How we used logs to find what happened
Since we were not able to find the cause of the health check failures with metrics or tracing data, we needed to turn our attention to logs. From looking at the traces, we know that health check endpoints were also ignored from Application Logs, making them less useful in this case. However, we also had logs from our eBPF agent, a piece of software that runs adjacent to all our services and collects data on all TCP, UDP, and DNS requests performed by the service.
From these, we found a latency increase towards one of our Redis servers and a drop in request volume towards it when we disabled readiness checks. What was important, however, was that the latency increase on the given Redis server was on a legacy path to be removed and should not have impacted our application. Nevertheless, it turns out the health check endpoint/path used in our readiness check was a default health check provided by the Spring Boot Framework. The provided default health check endpoint performed various different configurable smaller health checks, enabled by default, one of them being Redis.
Testing our outage theory
After determining the hypothesized origin of the failure, the theory must be confirmed and then verified upon implementation of the solution. To test our theory, we used Chaos Engineering, which allows injection of failure into various aspects of a system in order to proactively find failures that can negatively impact the system. For this case, we have used Litmus Chaos, an open-source Chaos Engineering platform that enables the injection of various failures through targeted experiments. We configured an experiment called Pod Network Latency, which added a one-second latency to all calls to the Redis server, previously identified as a source of health check failures. One second was chosen because our readiness check timeout was also set to the same value. With the experiment enabled, we saw readiness checks starting to fail in a similar manner as during the outage.
Documenting action items
Once all the sources of failure have been found and confirmed, it’s important to create tickets and document all action Items to avoid similar problems in the future. In our case, we first worked on configuring the health endpoint provided by Spring Boot so that it only performed checks on relevant dependencies. Then we documented the findings and proactively reached out to every team/service using Spring Boot to help mitigate similar issues.
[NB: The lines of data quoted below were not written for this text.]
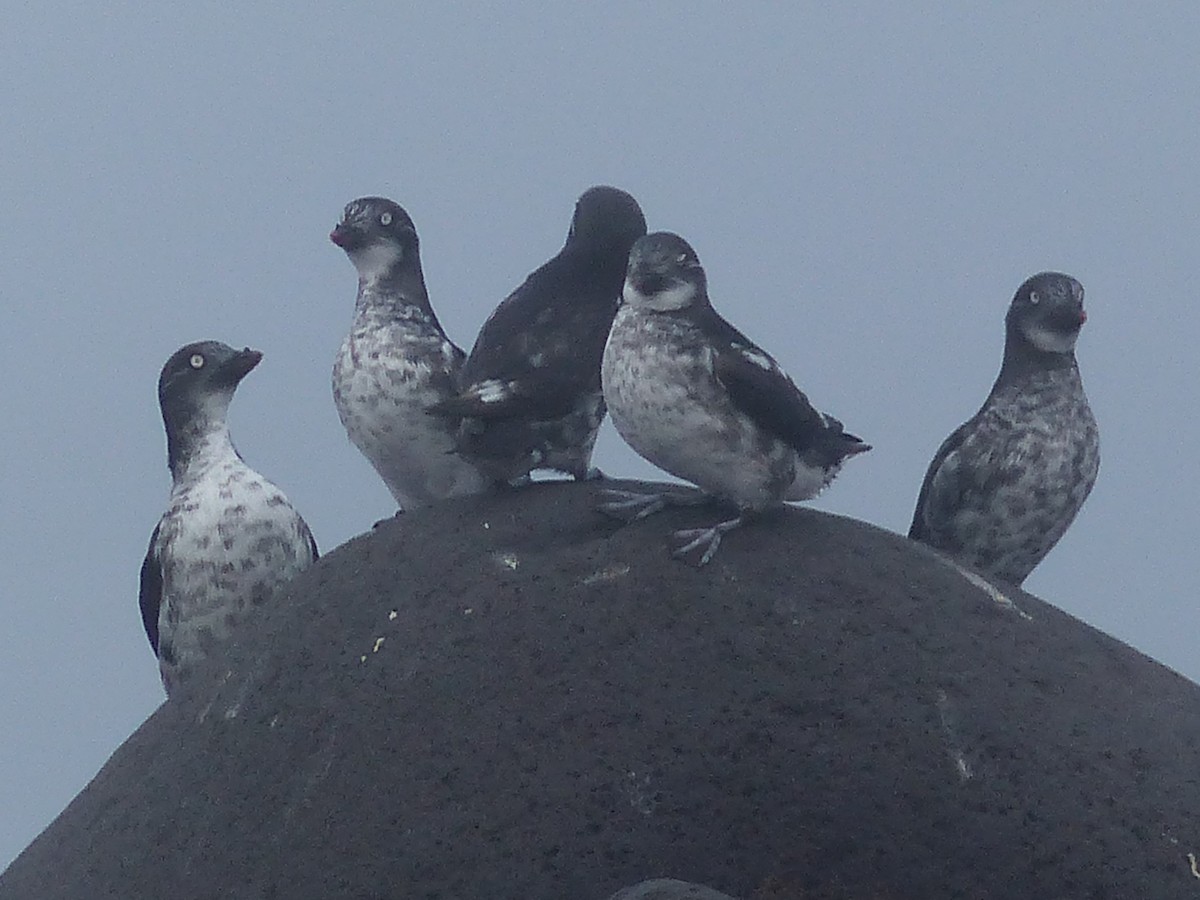 Least Auklet - ML623529938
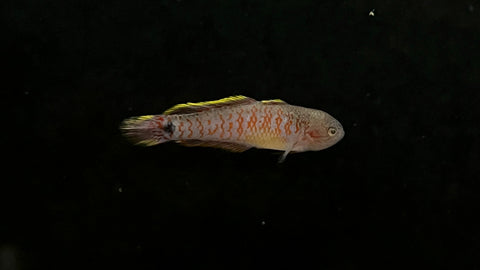 Peacock Gudgeon (Tateurndina ocellicauda) - Large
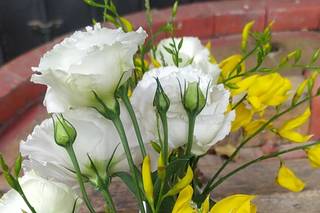 La Gardenia Flower & Decoration - 9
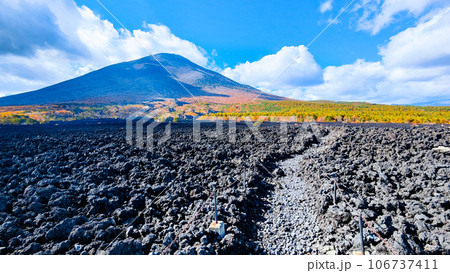 焼走り熔岩流と岩手山(秋) 焼走り熔岩流と岩手山(秋) 106737411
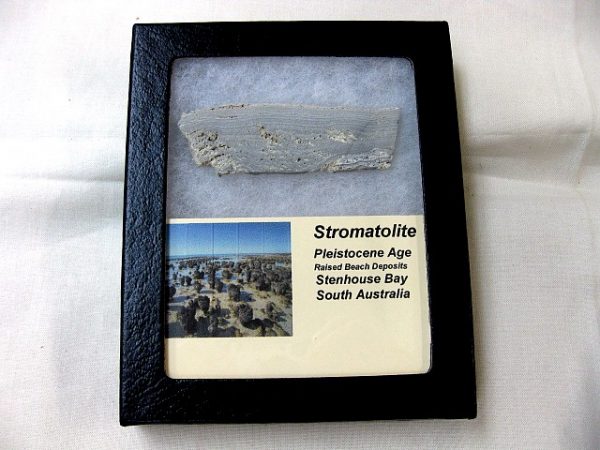 Australia Pleistocene Stromatolite #4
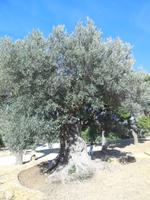 alter Olivenbaum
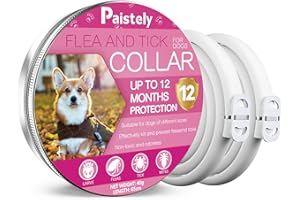 PAISTELY Collare Antiparassitario Per Cani, Cane Sicuro Ed Efficace Composto Da Oli Essenziali Naturali Al 100%, Efficacia 12 Mesi 65cm Collare Antizecche Per Cani Per Cani Di Tutte Le Taglie (2 pcs)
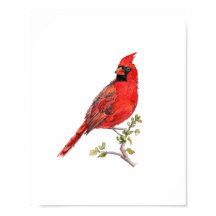 Aquarel Rode Kardinaalvogel Schilderij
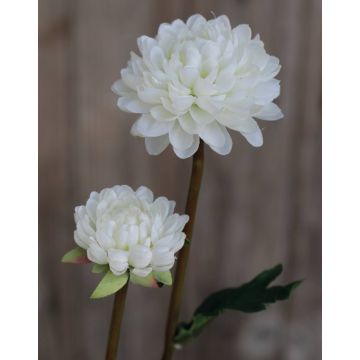 Crisantemo artificiale RYON, bianco, 70cm, Ø3-5cm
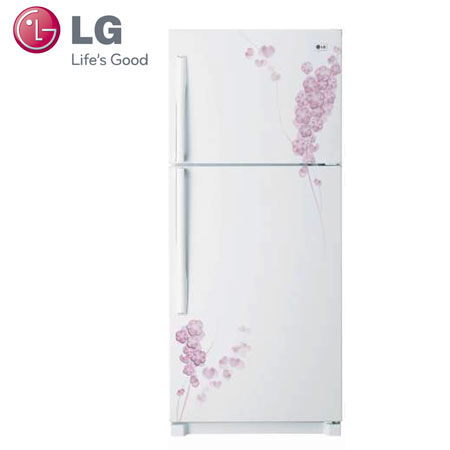 Đánh giá tủ lạnh giá rẻ LG GN-155PG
Additionally, we have also started an initiative to document behaviors of various Kubernetes health checks and share this knowledge across the organization.
Common health check pitfalls
Based on our findings during this incident and further learnings, we wanted to share what we think are common pitfalls with Kubernetes health checks and actions we recommend to avoid them.
- Lack of understanding of what different Kubernetes probes do
- Use of 3rd party provided health check endpoints with no knowledge into what actions they perform
- Disabled observability around aspects of health checks, including logs, traces, and metrics.
Lessons learned about Kubernetes probes
Throughout this project, our team identified gaps in our knowledge and procedures, and we determined measures to ensure our health checks are more effective and efficient. Here are our recommended steps to avoid similar issues:
1. Understand the different applications of the various Kubernetes probes. Ensure the entire department is aware of these use cases.
2. Verify the applications and options regarding any third-party health check endpoints. Consider disabling certain features on third-party tools.
3. Treat health check endpoints as Tier 0 by instrumenting them with various observability methods and ensuring they are not ignored by the observability tooling. If health checks are providing too much data, consider sampling them or reducing the volume of data they share.
4. Having a health-checks depend on a backend dependency can be problematic, as an outage within your dependency can cause you to have an outage as Kubernetes restarts your containers.